On Tue, Jul 25, 2023 at 06:49:45AM -0400, Joel Fernandes wrote:
Interesting series Valentin. Some high-level question/comments on this one:
On Jul 20, 2023, at 12:34 PM, Valentin Schneider vschneid@redhat.com wrote:
text_poke_bp_batch() sends IPIs to all online CPUs to synchronize them vs the newly patched instruction. CPUs that are executing in userspace do not need this synchronization to happen immediately, and this is actually harmful interference for NOHZ_FULL CPUs.
Does the amount of harm not correspond to practical frequency of text_poke? How often does instruction patching really happen? If it is very infrequent then I am not sure if it is that harmful.
Well, it can happen quite a bit, also from things people would not typically 'expect' it.
For instance, the moment you create the first per-task perf event we frob some jump-labels (and again some second after the last one goes away).

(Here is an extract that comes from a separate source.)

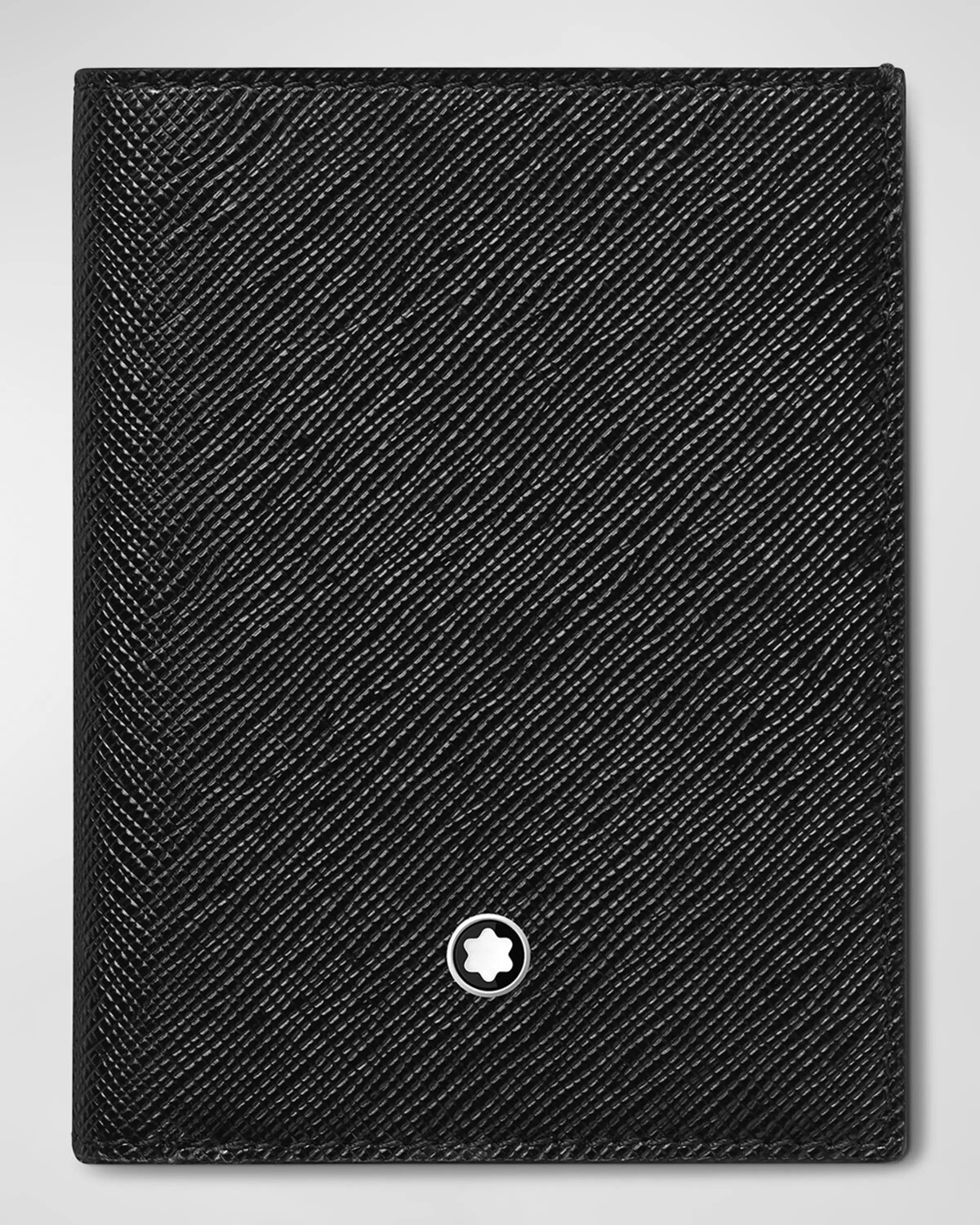 

Мужской мини-кошелек Sartorial Montblanc, цвет Black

The same for a bunch of runtime network configurations.
As the synchronization IPIs are sent using a blocking call, returning from text_poke_bp_batch() implies all CPUs will observe the patched instruction(s), and this should be preserved even if the IPI is deferred. In other words, to safely defer this synchronization, any kernel instruction leading to the execution of the deferred instruction sync (ct_work_flush()) must *not* be mutable (patchable) at runtime.
If it is not infrequent, then are you handling the case where userland spends multiple seconds before entering the kernel, and all this while the blocking call waits? Perhaps in such situation you want the real IPI to be sent out instead of the deferred one?
Please re-read what Valentin wrote -- nobody is waiting on anything.